The United States is a net immigration country, meaning more people are arriving to the U.S. than leaving it. Many of the emigrants from the United States do not plan to become permanent emigrants, but to be expatriates (expats) for a limited amount of time. There is a scarcity of official records in this domain. Given the high dynamics of the emigration-prone groups, emigration from the United States remains indiscernible from temporary country leave.

As of June 2016, the State department's consular section estimated that there are 9 million non-military U.S. citizens living abroad, an increase from the 4 million estimated in 1999. However, these numbers are highly open to dispute as they often are unverified and can change rapidly.

One reasonably "hard" indicator of the US citizens' population overseas is offered by the fact that often when they have a child born to them abroad, they obtain a Consular Report of Birth Abroad from a US consulate as a proof of the child's U.S. citizenship. The Bureau of Consular Affairs reports issuing 503,585 such documents over the decade 2000-2009. Based on this, and on some assumptions about the family composition and birth rates, some authors estimate the US civilian population overseas as between 3.6 and 4.3 million.

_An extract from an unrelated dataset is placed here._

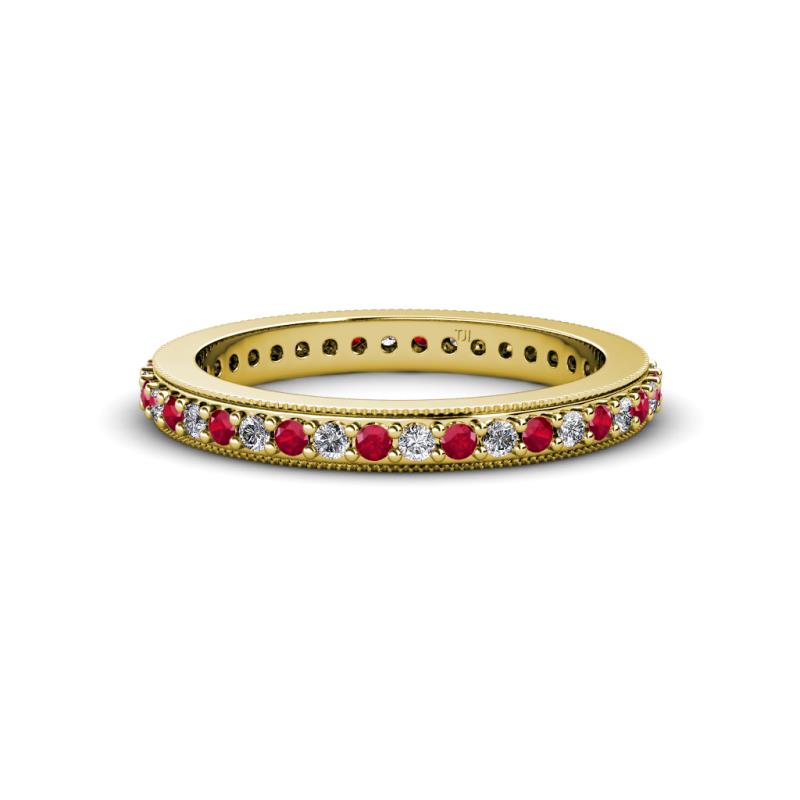 Caitlin 1.60 mm Ruby and Diamond Eternity Band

Sizes of certain subsets of US citizens living abroad can be estimated based on statistics published by the Internal Revenue Service. US Citizens are generally liable for US income tax even if they reside overseas; however, if they receive earned income (wages, salaries, etc.) while residing in a foreign country, they can exclude an amount of foreign earned income from the US taxation or receive credit for foreign taxes paid. The IRS reported that almost 335,000 tax returns with such a foreign-earned income exclusion form were received in 2006. This imposes a lower (and very imprecise) bound on the number of US citizens who were living and working in foreign countries at the time.